To use CELD:
- Type your search criteria into the box. You can use quotation marks to denote phrases and AND, OR, and NOT for simple boolean searches. The search engine does not support nested boolean searches at this time.
- Click the Search button. This will then display a page of your search results.
- To view multiple abstracts click the check box beside the citation to select the abstract. Then click the View Selected Abstracts button at the bottom of the page to view the abstracts you selected.
- To view a single abstract click on the title of the article.
- From the single abstract page, different options are available (which are not available on the multiple abstract page).
- Click on the journal abbreviation to access an information sheet on the journal, including the full name of the journal, the publisher, the publisher's website, and the publication period.

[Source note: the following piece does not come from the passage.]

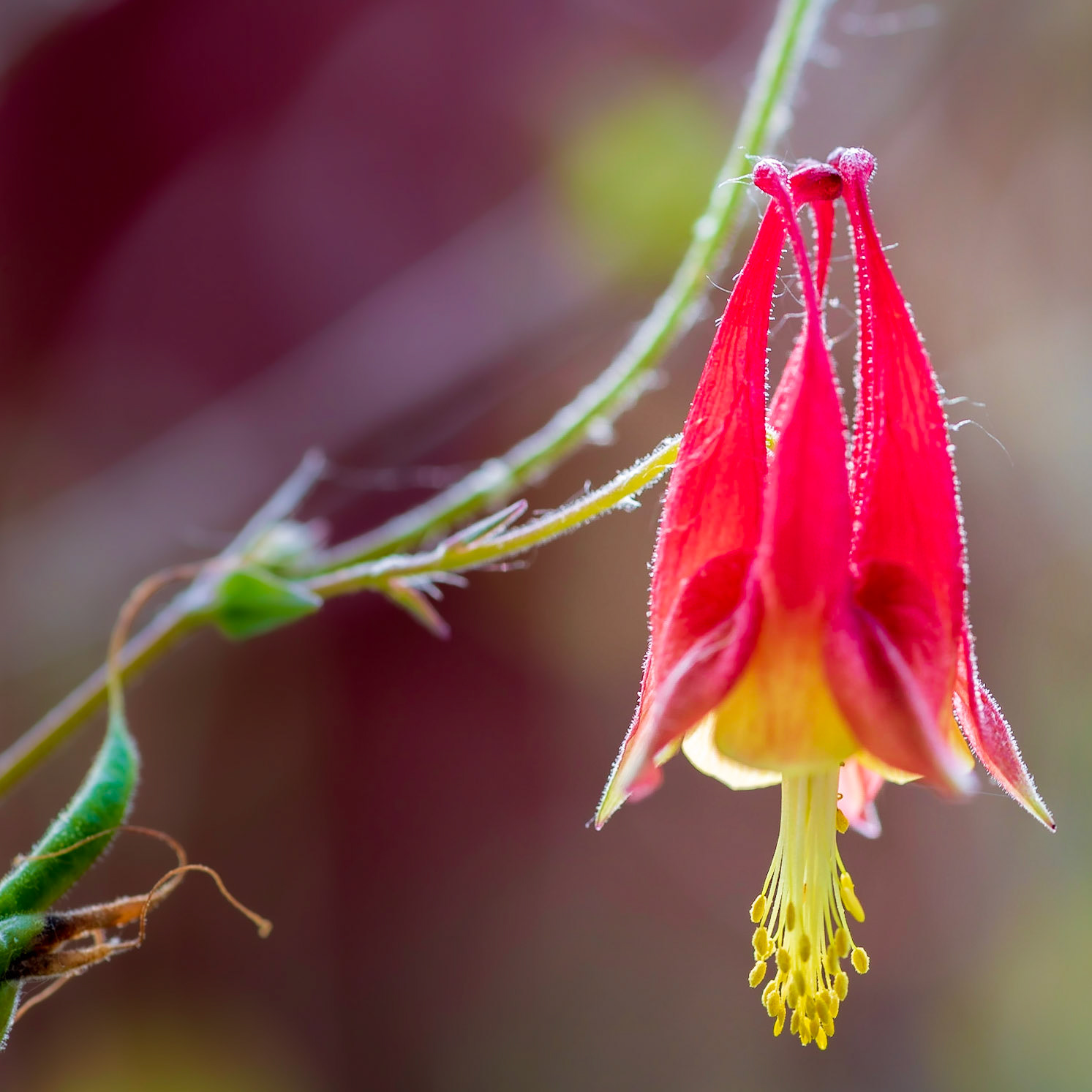 Aquilegia canadensis (Red Columbine) - Captured at the Mt. Pleasant Winery in Augusta MO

- Click on the author's name in the Options box to find other articles by that author.
- If the Full text of the article is available a Full Text icon will appear in the Options box. Click on it to be transfered to the publishers website.
- Click Print to format the page for printing thereby removing the Options box.
For best results try these helpful hints
- Authors can be found using simple quotation marks enclosing the author's last name followed by a comma and the first initial. For example, "Snelling, A" or "Ham, K".
- Do not use the Author's first name as a search criteria. CELD does not record this information.
- Avoid using the author's middle initial. A single author choice of using his middle initial can vary from article to article. For any author, you are more likely to find all of his articles if you just go by his first initial. For instance, 'Snelling, A' will bring back more results than 'Snelling, AA')
- By default, multiple words without quotation marks will return results only with all of the words present, either in the author, title, or abstract.
- Wildcards are not needed since partial words will return results. For example, a search for 'radio' will return 'radiometric' as well as 'radiocarbon'.